►
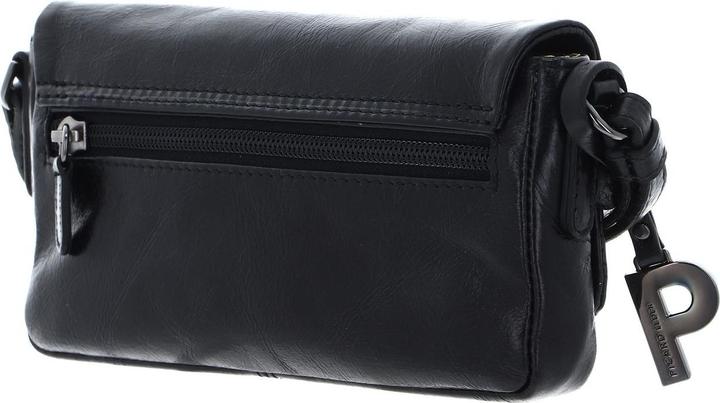 Immagine prodotto Picard Better Me Cross Bag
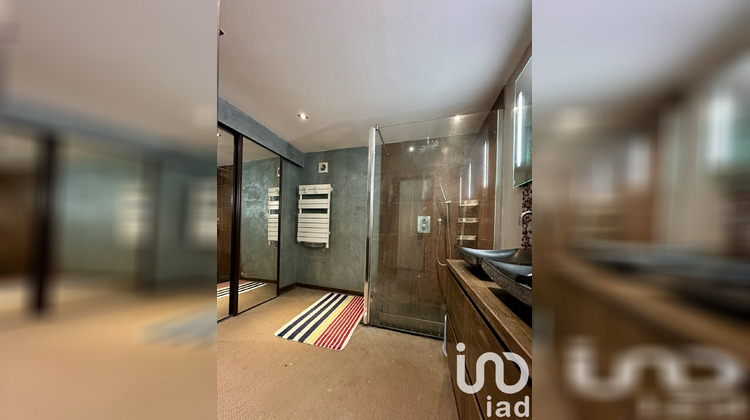 Ma-Cabane - Vente Maison Bormes-les-Mimosas, 131 m²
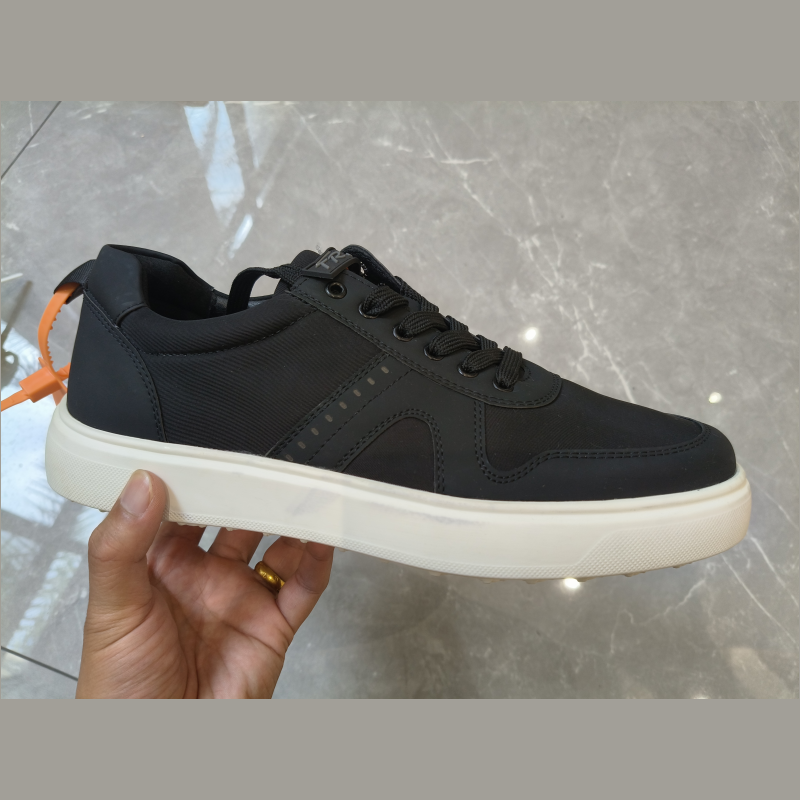 G026-Group purchase style-size:40-45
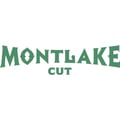 Montlake Cut's avatar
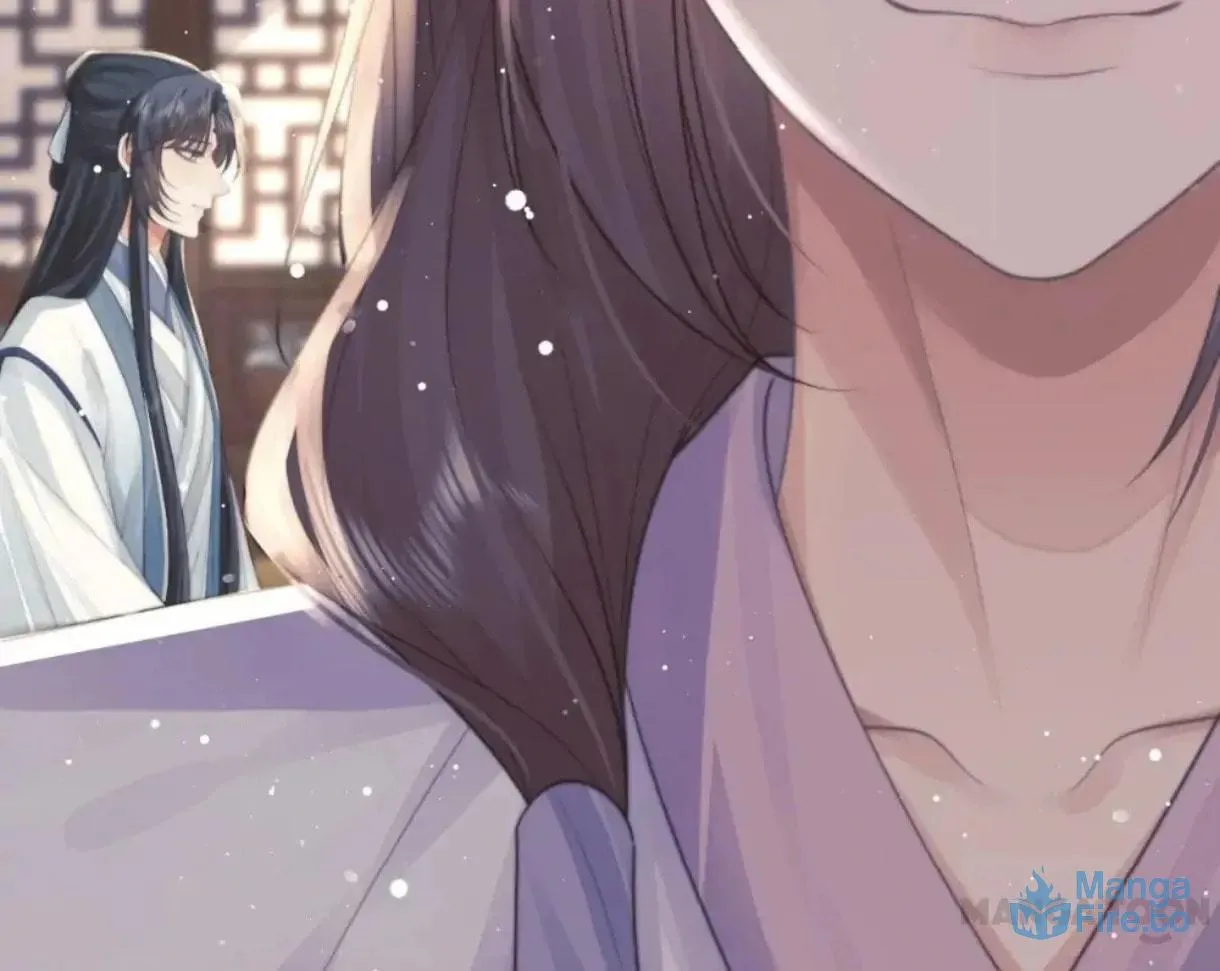 Read Exclusively the Master chapter 78 image 86 on Lezhin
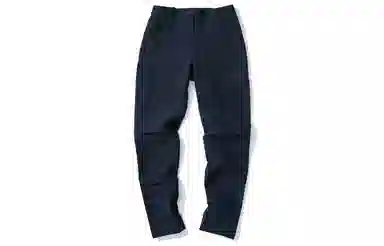 Jack Wolfskin
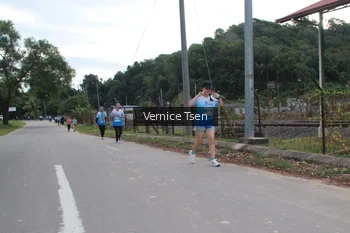Runner Photo 2226561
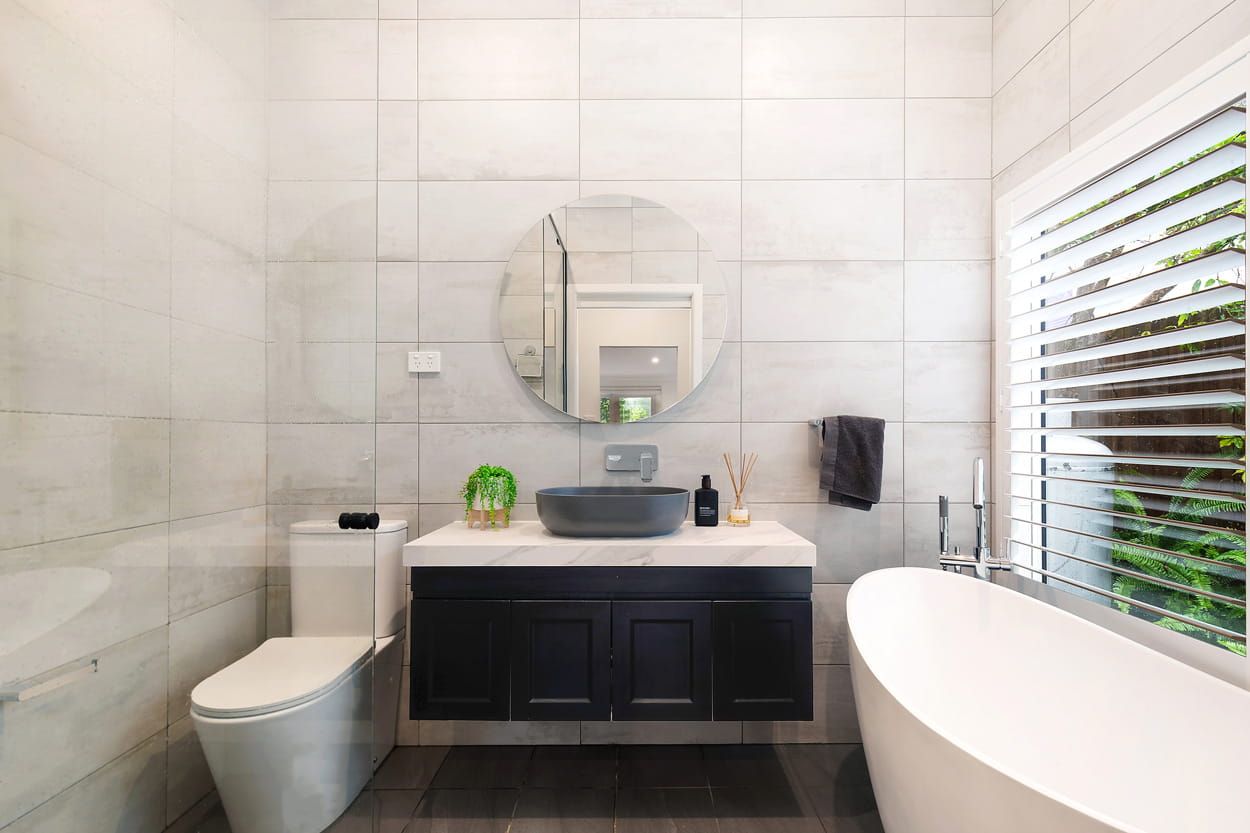 42 Cannon Rd - Sth Turramurra - Ace Smart Home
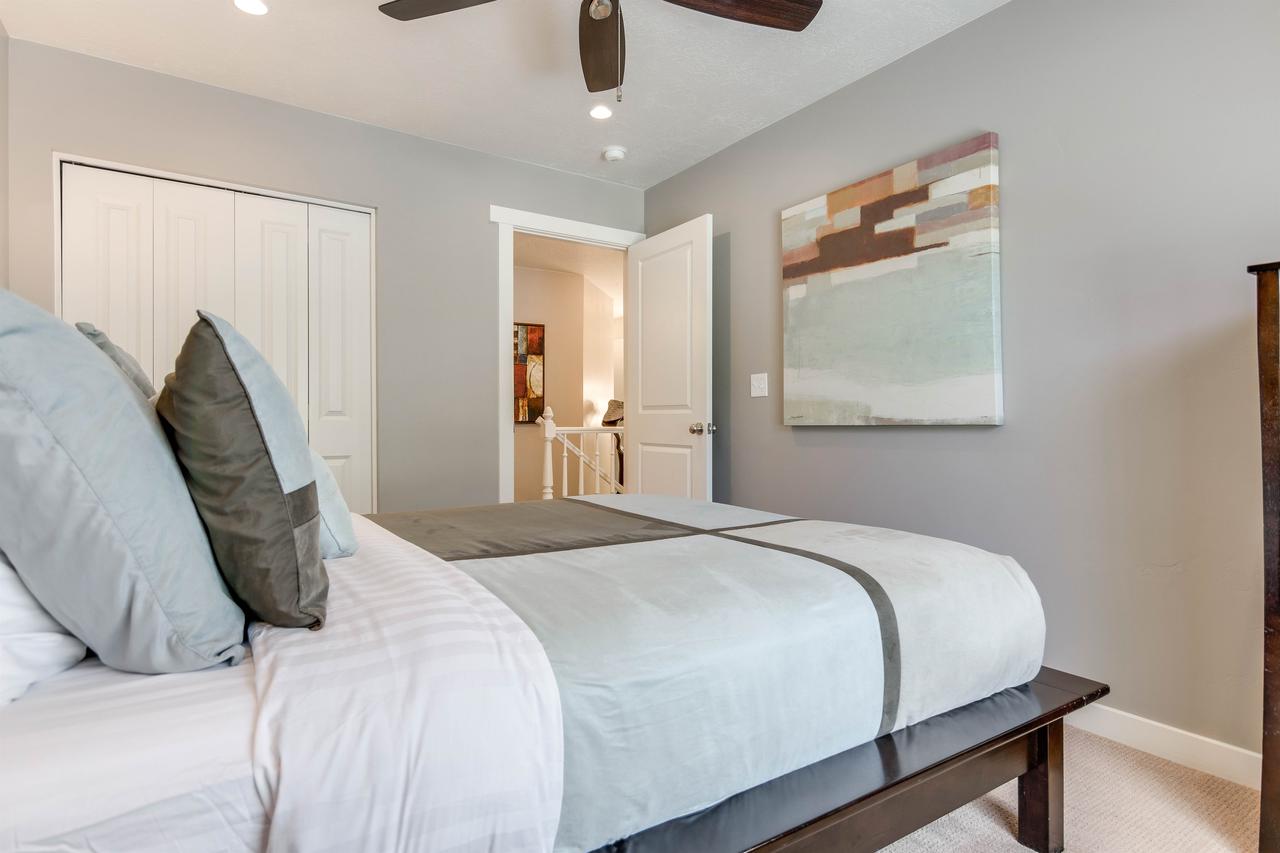 #50 Ski Haven At Big Cottonwood - thumb 1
◄
__Problem__
Transcribe, please, the lines from the one holding "Read Exclusively the" to the final line of the material, both included, exactly and with no extra lines, and skip the pictures.

__Written response__
 Read Exclusively the Master chapter 78 image 86 on Lezhin
 Jack Wolfskin
Runner Photo 2226561
 42 Cannon Rd - Sth Turramurra - Ace Smart Home
 #50 Ski Haven At Big Cottonwood - thumb 1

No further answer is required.